The following are the most commonly operators[special squences] used for webscrapping and text mining.

![Capture.PNG](attachment:Capture.PNG)

## 3.1 Extract each character of a string

In [35]:
output = re.findall(r'.', 'One Piece')
print(output)

['O', 'n', 'e', ' ', 'P', 'i', 'e', 'c', 'e']


In [38]:
### The '\w' does not extracts white spaces

output_1 = re.findall(r'\w', 'One Piece')
print(output_1)

['O', 'n', 'e', 'P', 'i', 'e', 'c', 'e']


In [5]:
output_2 = re.findall(r'\w*', ' The King of the pirates')
print(output_2)

['', 'The', '', 'King', '', 'of', '', 'the', '', 'pirates', '']


In [6]:
### To exclude white spaces

output_3 = re.findall(r'\w+', 'The King of the pirates')
print(output_3)

['The', 'King', 'of', 'the', 'pirates']


## 3.3 Extract the first word

In [7]:
output_4 = re.findall(r'^\w+', 'The king of the pirates')
print(output_4)

['The']


## 3.4 Extract the last word

In [14]:
output_5 = re.findall(r'\w+$', 'The kind of the pirates')
print(output_5)

['pirates']


## 3.5 Extract the consecutive two characters without including the spaces

In [15]:
output_6 = re.findall(r'\w\w', 'The king of the pirates')
print(output_6)

['Th', 'ki', 'ng', 'of', 'th', 'pi', 'ra', 'te']
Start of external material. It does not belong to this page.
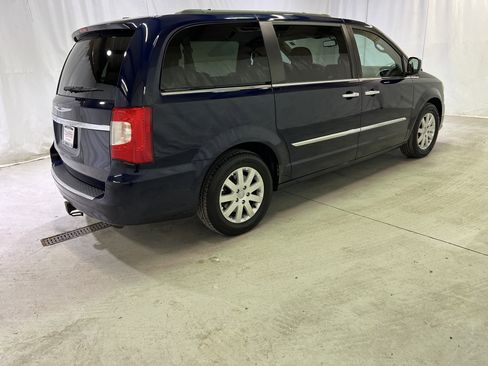 Used 2014 Chrysler Town & Country Touring w/ Trailer Tow Group image 11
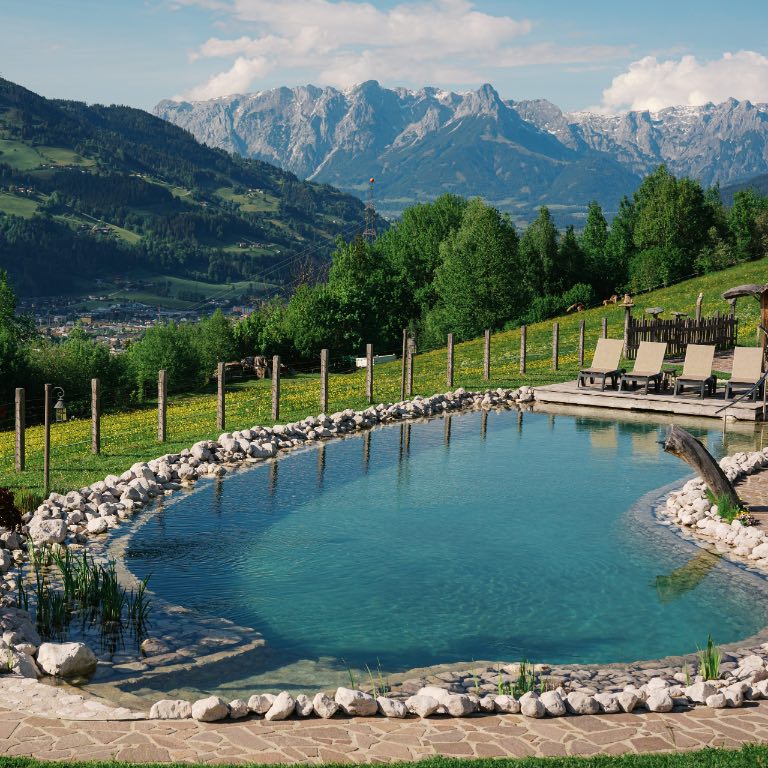 Chaletdorf mit eigenem Badesee in Österreich - traumhafte Lage - glasklares Wasser - optimal für einen Familienurlaub im Sommer in den Bergen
## 3.6 Extract the consecutive two characters of the start of a word only

In [17]:
output_7 = re.findall(r'\b\w.', 'The king of the pirates')
print(output_7)

['Th', 'ki', 'of', 'th', 'pi']


## 3.7 Extract the domain name 

In [22]:
output_8 = re.findall(r'@\w+', 'abc.test@gmail.com, xyz@test.in, test.first@ymail.com, first.test@rest.biz')
print(output_8)

['@gmail', '@test', '@ymail', '@rest']


In [24]:
### to include .com part

output_9 = re.findall(r'@\w+.\w+', 'abc.test@gmail.com, xyz@test.in, test.first@ymail.com, first.test@rest.biz')
print(output_9)

['@gmail.com', '@test.in', '@ymail.com', '@rest.biz']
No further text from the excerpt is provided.